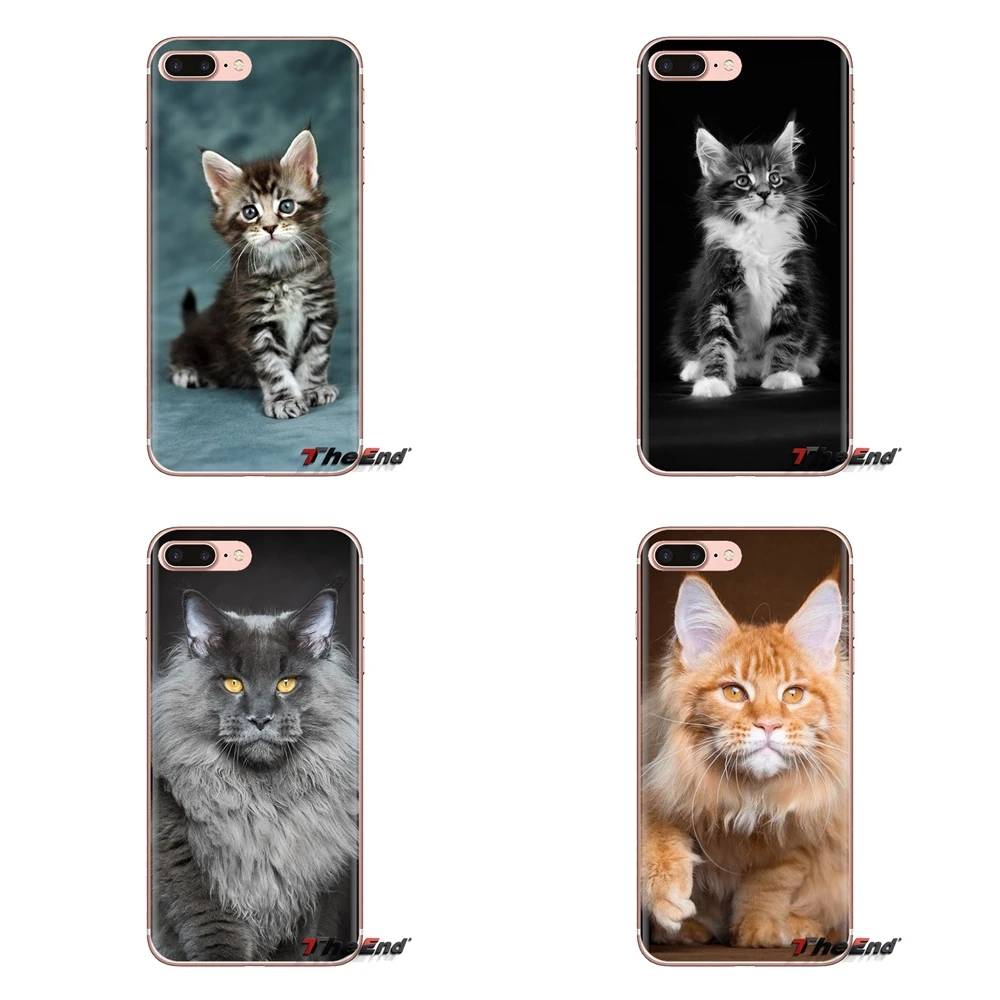 

pet maine coon cat silver Soft Transparent Shell Cases For Samsung Galaxy S3 S4 S5 Mini S6 S7 Edge S8 S9 S10 Plus Note 3 4 5 8 9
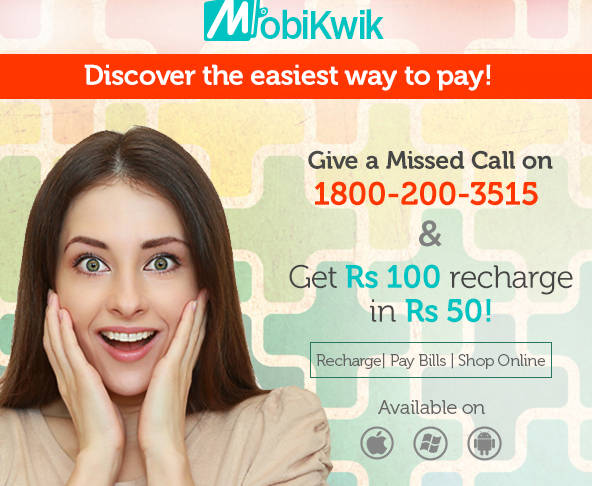 Fabulous Mobikwik Recharge Offer Get Rs.50 FREE on 50
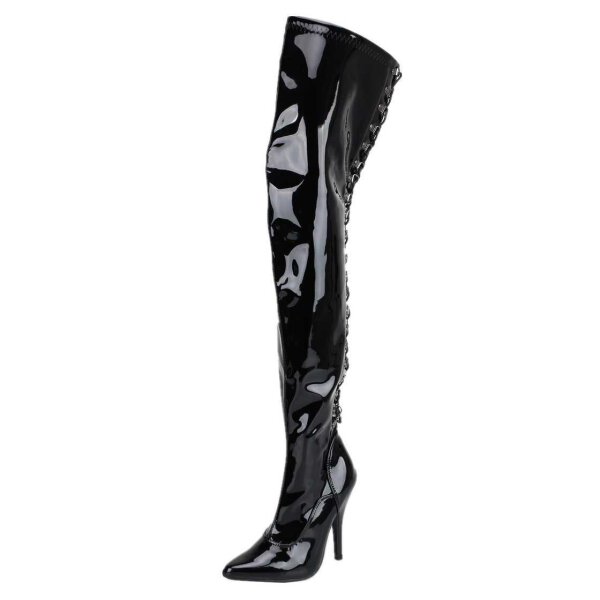 Erogance Stretchlack Thigh High Stiefel S3063 Größe 36 - 46
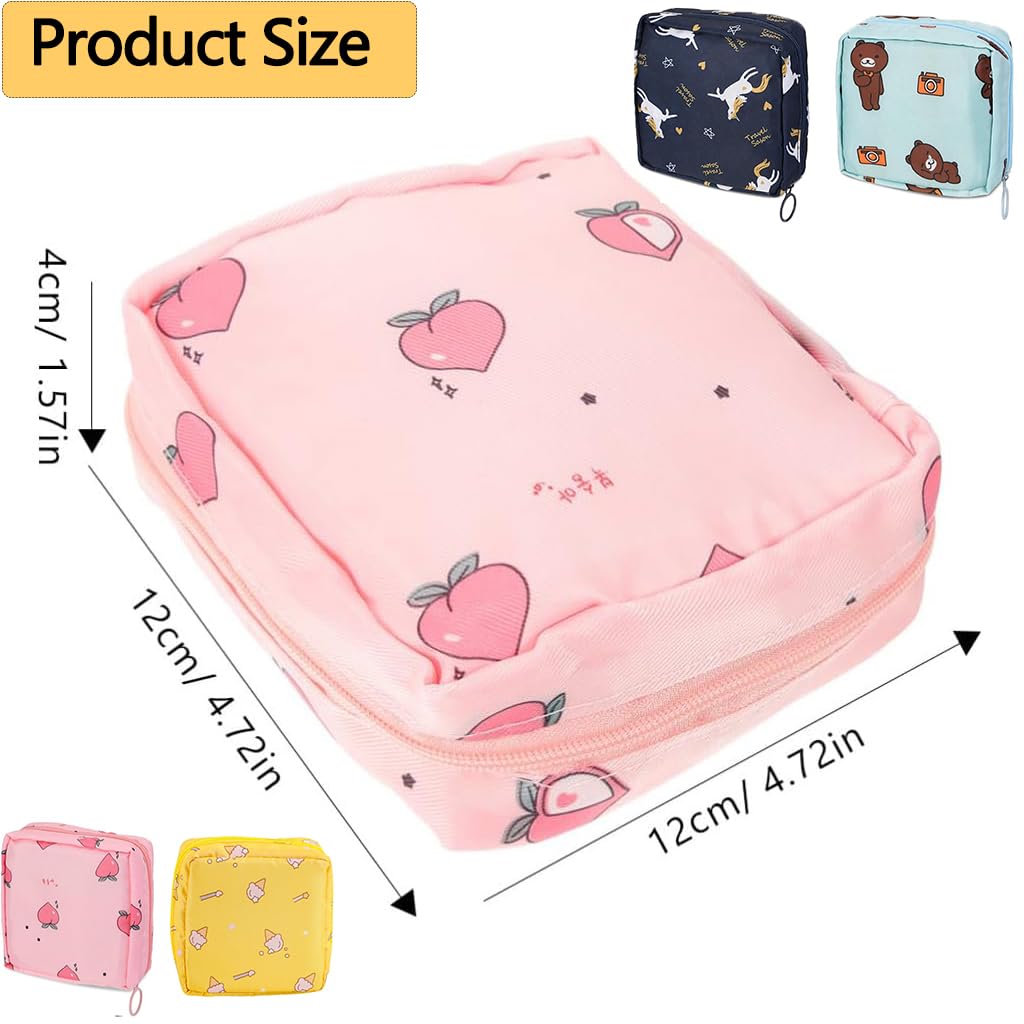 ZIBUYU Sanitary Pad Holder for Travel with Zipper Compartments and 13×13×4cm Pouches | Washable Nylon Set for Women and Teen Girls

+ + + + + + +

:: Task to complete ::
Print each line from the one containing "Erogance Stretchlack Thigh" through the last line of the listing, both included, exactly and with no pictures.

:: Answer below ::
 Erogance Stretchlack Thigh High Stiefel S3063 Größe 36 - 46
 ZIBUYU Sanitary Pad Holder for Travel with Zipper Compartments and 13×13×4cm Pouches | Washable Nylon Set for Women and Teen Girls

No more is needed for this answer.